Так или иначе, интерпретация стихотворения в значительной степени более свободна, чем интерпретация объявлений в лондонском метро. Она более свободна благодаря тому, что в последнем случае язык используется в практической ситуации, которая стремится установить определённые прочтения и воспрепятствовать легитимации остальных. Это, как мы увидели, является, без сомнения, абсолютным принуждением, но принуждением очень показательным. Помимо литературных произведений, существуют также практические ситуации, которые исключают определённые способы прочтения и разрешают другие – речь идёт о преподавании. Это академический институт, арсенал социально одобренных способов чтения произведений, который действует через механизм принуждения. Такие разрешённые способы чтения никогда, конечно же, не будут «естественными», но и никогда – просто академическими: они относятся к репрессивным формам оценки и интерпретации общества в целом. Они действенны не только при анализе стихов в университетской аудитории, но и при чтении в поезде популярного романа. Но чтение романа всё же отличается от чтения дорожных знаков, поскольку читатель романа не имеет готовых контекстов, чтобы сделать язык более доступным для себя. Роман, начинающийся с предложения: «Лок бежал изо всех сил» [96]96
См.: van Dijk T.A. Some Aspects of Textual Grammars. The Hague, 1972.

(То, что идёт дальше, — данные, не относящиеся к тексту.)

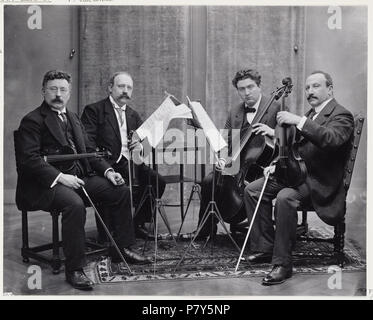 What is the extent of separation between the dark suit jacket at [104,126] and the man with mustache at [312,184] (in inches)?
54.2

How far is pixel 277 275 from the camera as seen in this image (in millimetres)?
3385

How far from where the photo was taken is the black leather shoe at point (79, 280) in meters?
3.26

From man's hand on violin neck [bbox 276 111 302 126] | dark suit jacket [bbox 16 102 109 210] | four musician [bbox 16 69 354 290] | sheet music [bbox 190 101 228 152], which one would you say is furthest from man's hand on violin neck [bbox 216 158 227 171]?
dark suit jacket [bbox 16 102 109 210]

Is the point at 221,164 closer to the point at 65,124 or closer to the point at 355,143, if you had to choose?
the point at 355,143

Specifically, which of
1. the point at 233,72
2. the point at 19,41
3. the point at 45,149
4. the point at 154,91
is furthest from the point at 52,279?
the point at 233,72

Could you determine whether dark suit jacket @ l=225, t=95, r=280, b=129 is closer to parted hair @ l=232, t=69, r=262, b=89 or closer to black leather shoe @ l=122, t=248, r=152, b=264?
parted hair @ l=232, t=69, r=262, b=89

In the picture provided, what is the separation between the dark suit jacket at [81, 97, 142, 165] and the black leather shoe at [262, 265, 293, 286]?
170cm

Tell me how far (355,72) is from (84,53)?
280 cm

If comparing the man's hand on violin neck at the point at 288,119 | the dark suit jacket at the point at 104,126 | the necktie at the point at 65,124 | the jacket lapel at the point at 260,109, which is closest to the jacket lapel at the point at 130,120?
the dark suit jacket at the point at 104,126

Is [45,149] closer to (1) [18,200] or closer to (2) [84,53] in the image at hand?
(1) [18,200]

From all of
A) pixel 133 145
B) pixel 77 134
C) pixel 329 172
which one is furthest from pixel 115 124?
pixel 329 172

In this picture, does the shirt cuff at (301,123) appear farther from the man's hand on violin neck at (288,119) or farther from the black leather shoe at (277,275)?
the black leather shoe at (277,275)

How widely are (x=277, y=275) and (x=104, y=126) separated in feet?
6.46

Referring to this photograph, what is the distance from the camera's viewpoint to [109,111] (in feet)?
14.0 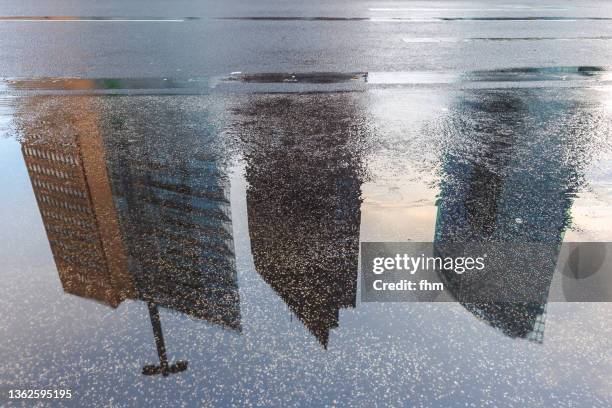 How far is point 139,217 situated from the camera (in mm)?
3281

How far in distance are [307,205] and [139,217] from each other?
3.86ft

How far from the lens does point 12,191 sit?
3.73 m

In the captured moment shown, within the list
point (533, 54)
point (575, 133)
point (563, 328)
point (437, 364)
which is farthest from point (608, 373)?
point (533, 54)

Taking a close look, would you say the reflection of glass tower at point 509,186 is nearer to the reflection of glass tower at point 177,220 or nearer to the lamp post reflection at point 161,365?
the reflection of glass tower at point 177,220

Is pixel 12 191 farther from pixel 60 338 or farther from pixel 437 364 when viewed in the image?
pixel 437 364

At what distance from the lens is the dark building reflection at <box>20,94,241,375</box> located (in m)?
2.59

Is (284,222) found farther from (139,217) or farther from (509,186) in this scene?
(509,186)

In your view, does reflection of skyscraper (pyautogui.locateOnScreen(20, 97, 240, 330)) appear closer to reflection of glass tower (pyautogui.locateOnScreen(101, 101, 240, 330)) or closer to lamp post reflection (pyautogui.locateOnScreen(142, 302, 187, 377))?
reflection of glass tower (pyautogui.locateOnScreen(101, 101, 240, 330))

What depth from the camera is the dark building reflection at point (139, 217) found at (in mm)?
2594

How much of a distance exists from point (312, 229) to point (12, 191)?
94.9 inches

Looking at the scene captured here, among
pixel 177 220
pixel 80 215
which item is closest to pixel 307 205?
pixel 177 220

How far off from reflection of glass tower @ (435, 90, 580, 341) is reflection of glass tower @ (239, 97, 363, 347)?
0.65m

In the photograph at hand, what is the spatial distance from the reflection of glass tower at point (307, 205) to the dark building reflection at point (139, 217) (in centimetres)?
27

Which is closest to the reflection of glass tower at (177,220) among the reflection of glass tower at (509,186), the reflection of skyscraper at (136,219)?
the reflection of skyscraper at (136,219) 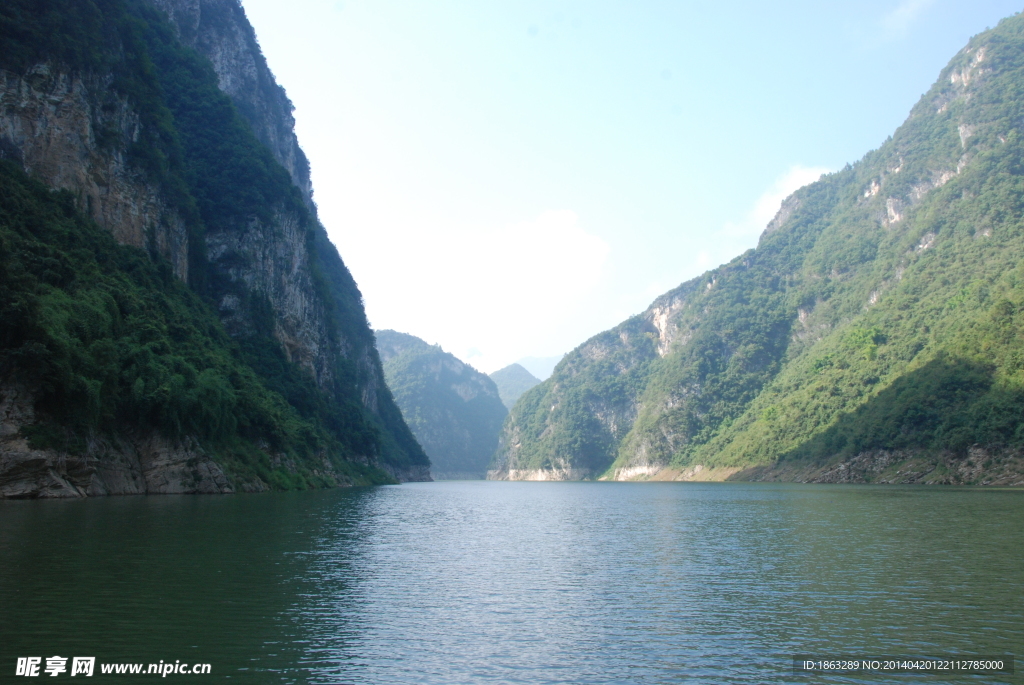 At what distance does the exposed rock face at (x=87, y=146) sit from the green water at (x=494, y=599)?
40477 mm

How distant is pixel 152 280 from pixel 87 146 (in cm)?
1358

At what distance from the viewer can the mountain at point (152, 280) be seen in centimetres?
4575

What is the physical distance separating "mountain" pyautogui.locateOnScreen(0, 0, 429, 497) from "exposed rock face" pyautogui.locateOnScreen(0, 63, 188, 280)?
0.60 feet

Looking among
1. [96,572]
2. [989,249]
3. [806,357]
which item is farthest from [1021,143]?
[96,572]

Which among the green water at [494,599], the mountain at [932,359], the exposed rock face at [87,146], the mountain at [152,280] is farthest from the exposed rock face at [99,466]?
the mountain at [932,359]

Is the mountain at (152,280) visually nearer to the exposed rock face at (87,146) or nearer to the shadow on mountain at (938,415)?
the exposed rock face at (87,146)

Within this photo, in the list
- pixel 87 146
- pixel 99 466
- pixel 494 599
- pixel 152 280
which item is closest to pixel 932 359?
pixel 152 280

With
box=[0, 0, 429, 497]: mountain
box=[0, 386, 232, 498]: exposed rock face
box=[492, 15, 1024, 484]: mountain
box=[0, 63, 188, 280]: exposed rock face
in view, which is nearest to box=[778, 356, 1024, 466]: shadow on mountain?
box=[492, 15, 1024, 484]: mountain

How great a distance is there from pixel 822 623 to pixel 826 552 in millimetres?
12535

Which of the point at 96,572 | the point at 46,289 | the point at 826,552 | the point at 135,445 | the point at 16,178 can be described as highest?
the point at 16,178

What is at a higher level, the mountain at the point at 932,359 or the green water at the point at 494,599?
the mountain at the point at 932,359

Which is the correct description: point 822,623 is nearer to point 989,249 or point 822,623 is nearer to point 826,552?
point 826,552

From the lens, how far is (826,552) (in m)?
28.1

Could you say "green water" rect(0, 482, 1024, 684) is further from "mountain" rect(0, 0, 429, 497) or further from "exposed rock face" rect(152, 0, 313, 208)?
"exposed rock face" rect(152, 0, 313, 208)
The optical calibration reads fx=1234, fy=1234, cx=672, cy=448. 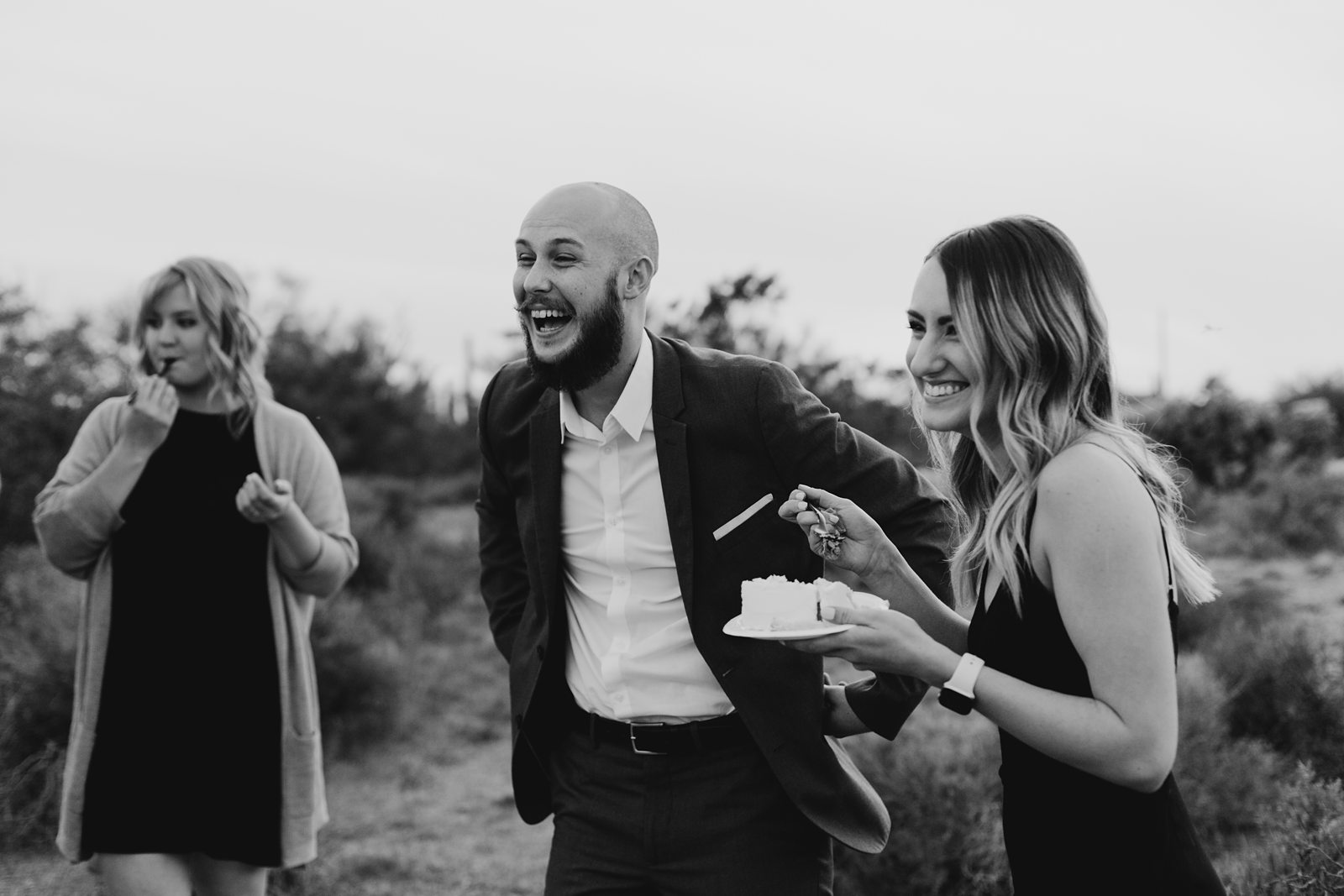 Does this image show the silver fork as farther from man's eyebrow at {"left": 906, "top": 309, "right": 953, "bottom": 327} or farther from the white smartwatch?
the white smartwatch

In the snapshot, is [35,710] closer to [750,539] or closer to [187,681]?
[187,681]

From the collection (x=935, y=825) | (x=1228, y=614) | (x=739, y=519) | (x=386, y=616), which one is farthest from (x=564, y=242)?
(x=386, y=616)

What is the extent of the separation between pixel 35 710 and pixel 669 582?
5.54 m

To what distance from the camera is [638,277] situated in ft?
11.6

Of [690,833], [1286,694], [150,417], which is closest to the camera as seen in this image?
[690,833]

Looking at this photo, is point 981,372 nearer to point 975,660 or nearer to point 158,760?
point 975,660

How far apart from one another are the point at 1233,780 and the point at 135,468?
508cm

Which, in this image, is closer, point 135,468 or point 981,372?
point 981,372

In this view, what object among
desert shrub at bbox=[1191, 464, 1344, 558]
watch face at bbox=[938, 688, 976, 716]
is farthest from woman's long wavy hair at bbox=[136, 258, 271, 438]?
desert shrub at bbox=[1191, 464, 1344, 558]

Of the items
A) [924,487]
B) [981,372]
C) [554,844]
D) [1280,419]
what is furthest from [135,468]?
[1280,419]

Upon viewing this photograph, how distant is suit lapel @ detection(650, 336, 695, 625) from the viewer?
128 inches

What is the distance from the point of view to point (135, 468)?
4.05 m

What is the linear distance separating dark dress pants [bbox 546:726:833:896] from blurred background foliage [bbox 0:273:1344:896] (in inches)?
46.6

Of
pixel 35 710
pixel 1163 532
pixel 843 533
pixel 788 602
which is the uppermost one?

[Закрыть], имплицитно говорит читателю: «Я предлагаю вам представить ситуацию, в которой имеет смысл сказать: “Лок бежал изо всех сил”». Роман понемногу воссоздаст для нас эту ситуацию, или вы, в качестве читателя, сами воссоздадите её для романа. Даже здесь нет основания для абсолютной свободы интерпретации: пока я говорю на английском языке, общее использование таких слов, как «бежал», направляет мои поиски подходящих по смыслу контекстов. Но я не настолько стеснён, как при чтении таблички «Выхода нет», и это одна из причин, по которой люди имеют серьёзные расхождения о смысле языка, принимаемого ими за «литературу».